Mindelo, 11 Ago (Inforpress) – A Fazenda de Camarão retomou a produção em cerca de 40 por cento (%) da sua área produtiva, depois de prejuízos, superiores a 50 mil contos, provocados pela tempestade Erin, informou hoje à Inforpress o administrador.

Segundo Carlos Santos, a empresa tem enfrentado dificuldades para recuperar a sua capacidade produtiva, devido à falta dos apoios prometidos e às dificuldades de acesso ao crédito comercial e a financiamentos com as taxas de juros anunciadas.

“Nós o que tentamos fazer neste momento é aguentar a situação, não conseguimos os apoios que foram prometidos, ou conseguimos muito poucos apoios, não conseguimos créditos comerciais, não conseguimos créditos às taxas de juros prometidas”, afirmou.

O administrador explicou que, perante estas dificuldades, a empresa tem procurado manter-se em funcionamento com os meios que estão ao seu alcance, tendo conseguido retomar parte da produção.

“Aquilo que fizemos era o que estava directamente ao nosso alcance, que era mais ou menos aguentar as coisas, retomar alguma produção em mais ou menos 40 % da área de produção”, disse.

Carlos Santos adiantou que a tempestade Erin afectou mais de metade da capacidade de produção da Fazenda de Camarão, incluindo a de produção de energia, considerada um dos principais factores de produção da empresa.

“Nós perdemos mais da metade da nossa capacidade de produção, mais de metade da nossa capacidade de produção de energia, que é um dos factores de produção mais importantes que nós temos”, precisou.

Perante este cenário, a empresa encontra-se, segundo o administrador, numa situação de espera por uma oportunidade de financiamento que permita recuperar a capacidade perdida e retomar o projecto.

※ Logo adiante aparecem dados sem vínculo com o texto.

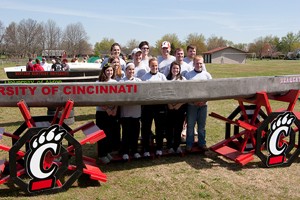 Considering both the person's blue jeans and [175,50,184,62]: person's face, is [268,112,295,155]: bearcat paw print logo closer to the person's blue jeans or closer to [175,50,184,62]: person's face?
the person's blue jeans

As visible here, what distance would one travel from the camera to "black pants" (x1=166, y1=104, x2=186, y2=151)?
5207 mm

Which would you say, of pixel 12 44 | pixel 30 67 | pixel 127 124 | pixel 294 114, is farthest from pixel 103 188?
pixel 12 44

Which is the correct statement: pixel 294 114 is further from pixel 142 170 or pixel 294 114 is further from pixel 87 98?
pixel 87 98

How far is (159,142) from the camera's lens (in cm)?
526

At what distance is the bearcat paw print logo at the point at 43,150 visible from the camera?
379 cm

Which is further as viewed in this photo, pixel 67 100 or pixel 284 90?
pixel 284 90

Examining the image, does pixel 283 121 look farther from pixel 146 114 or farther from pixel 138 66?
pixel 138 66

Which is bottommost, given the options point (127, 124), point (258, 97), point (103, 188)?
point (103, 188)

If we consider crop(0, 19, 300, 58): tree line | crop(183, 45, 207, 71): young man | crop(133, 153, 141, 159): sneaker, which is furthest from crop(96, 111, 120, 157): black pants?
crop(0, 19, 300, 58): tree line

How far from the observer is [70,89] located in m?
3.96

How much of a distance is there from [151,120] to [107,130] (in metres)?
0.69

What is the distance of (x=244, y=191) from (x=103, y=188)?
5.64ft

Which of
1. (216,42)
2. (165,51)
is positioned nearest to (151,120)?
(165,51)

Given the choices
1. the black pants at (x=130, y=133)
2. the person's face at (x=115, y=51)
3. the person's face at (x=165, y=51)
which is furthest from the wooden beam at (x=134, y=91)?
the person's face at (x=115, y=51) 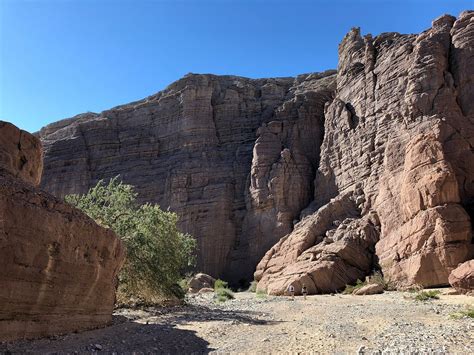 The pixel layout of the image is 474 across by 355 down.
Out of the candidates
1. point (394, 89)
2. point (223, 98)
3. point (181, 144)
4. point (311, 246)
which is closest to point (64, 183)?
point (181, 144)

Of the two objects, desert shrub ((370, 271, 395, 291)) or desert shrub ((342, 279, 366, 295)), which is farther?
desert shrub ((342, 279, 366, 295))

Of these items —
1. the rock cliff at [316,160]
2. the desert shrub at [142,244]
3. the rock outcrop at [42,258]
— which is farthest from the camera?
the rock cliff at [316,160]

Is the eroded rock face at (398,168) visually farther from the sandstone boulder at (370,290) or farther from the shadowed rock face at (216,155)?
the shadowed rock face at (216,155)

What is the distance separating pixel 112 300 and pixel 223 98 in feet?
166

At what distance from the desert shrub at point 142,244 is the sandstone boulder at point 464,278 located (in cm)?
1426

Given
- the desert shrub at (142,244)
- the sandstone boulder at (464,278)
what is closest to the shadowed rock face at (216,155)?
the desert shrub at (142,244)

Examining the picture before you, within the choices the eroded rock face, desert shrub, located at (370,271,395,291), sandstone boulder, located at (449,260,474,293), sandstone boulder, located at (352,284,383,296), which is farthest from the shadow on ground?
the eroded rock face

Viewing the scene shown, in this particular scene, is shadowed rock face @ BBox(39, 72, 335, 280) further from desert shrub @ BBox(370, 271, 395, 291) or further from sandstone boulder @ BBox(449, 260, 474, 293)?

“Está tudo em ‘stand-by’, é simplesmente aguentar a situação para não morrer, contando que temos uma expectativa muito grande”, afirmou Carlos Santos.

O responsável disse esperar uma nova abordagem por parte do Governo e das instituições públicas, defendendo que a administração deve, além de fiscalizar, apoiar as empresas na procura de soluções e na concretização dos seus projectos.

“Esperamos um olhar diferente, um olhar mais incisivo e mais musculado em relação às instituições, à administração pública, desde que o que nós fazemos seja considerado efectivamente importante para o país”, afirmou.

Carlos Santos defendeu ainda que a produção de camarão deve ser encarada como um projecto com potencial para ser desenvolvido noutras ilhas, tendo em vista reduzir a dependência de importações.

“Que este projecto, por exemplo, não seja só aqui em São Vicente, possa ser em outros lugares, em outras ilhas, para que o nosso sonho, que é deixar de importar camarão, seja uma realidade”, sustentou.

Questionado sobre os próximos passos, o administrador indicou que a empresa aguarda a instalação e organização do novo Governo para retomar os contactos com as autoridades, apontando directamente para o primeiro-ministro, que acumula a pasta das Finanças.

“Estamos principalmente à espera do primeiro-ministro, que é ministro das Finanças, arrumar a casa para conversarmos”, concluiu.